In Yosemite, the relationship between people and bears has changed dramatically. From 1923 to 1971, rangers regularly left food out for bears so tourists could take pictures. Park visitors hand-fed bears until the 1930s and, until 1972, there were open garbage dumps that provided bears massive amounts of easy food – and made them seem more like circus attractions than wild animals.

Black bears became a growing problem in Yosemite during the 1980s and 1990s, when the number of park visitors increased to 4 million a year.

“Have you ever been in a vehicle or house that a bear has been in it? It’s not pretty,” Tollefson said. “The big ones weigh 400 pounds. They can run as fast as a horse, and they’re strong.”

The animals made national news for their brazen behavior, and park officials launched a new campaign that they say helped solve the problem in four ways.

First, using a 1999 grant from Congress for $500,000 a year, they expanded the number of rangers, biologists and volunteers working on bear issues from two to about 20 now.

The park required all campers to store food in steel, bear-proof lockers. Today, there are roughly 4,000 such lockers around Yosemite – from Curry Village to White Wolf to the Tuolumne Meadows camping areas. The money to install about half of those lockers came from the Yosemite Conservancy, a San Francisco nonprofit group that has spent $2.1 million to solve the park’s bear issues over the past quarter-century.

Next, the park launched a massive public education campaign. Campers are now required to sign forms saying they understand it is illegal to feed bears or store food – even toothpaste, deodorant or other scented toiletries – overnight in vehicles. Videos touting bear-safe camping tips play in visitor’s centers. Rangers patrol campsites every night, giving warnings and issuing citations of $125 for repeated flouting of the bear rules.

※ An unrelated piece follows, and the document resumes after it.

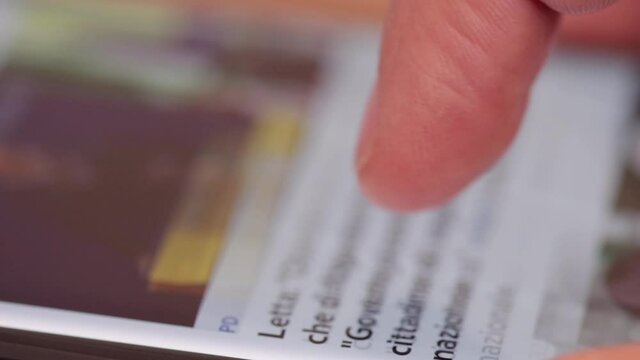 Scrolling news on smartphone screen with finger. Close up of smartphone action. News feed scroll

“The rangers are aggressive with folks,” said Tollefson, now president of the Yosemite Conservancy.

Third, the park in 2007 required everyone going on overnight backpacking trips in Yosemite’s remote wilderness areas to rent a bear canister, an impenetrable cylinder in which to store food. “People were hanging food on ropes in trees,” Tollefson said, “but mother bears taught their cubs how to climb up and get it.”

Finally, park officials went high-tech. They began trapping problem bears, fitting them with radio collars and monitoring their whereabouts.

When a bear comes near a campsite, wildlife biologists will chase it, yelling and occasionally shooting a small bean bag or clear ball filled with mineral oil from a paintball gun. The idea, called “negative conditioning,” is designed to teach bears that coming near humans and trying to eat human food instead of their usual diet of acorns, grass and berries have unpleasant consequences. “We are trying to teach them that people should be feared,” Leahy said.

The upshot: Bears in Yosemite are becoming wild again as older ones accustomed to eating human food die off and younger ones are finding human food harder to get.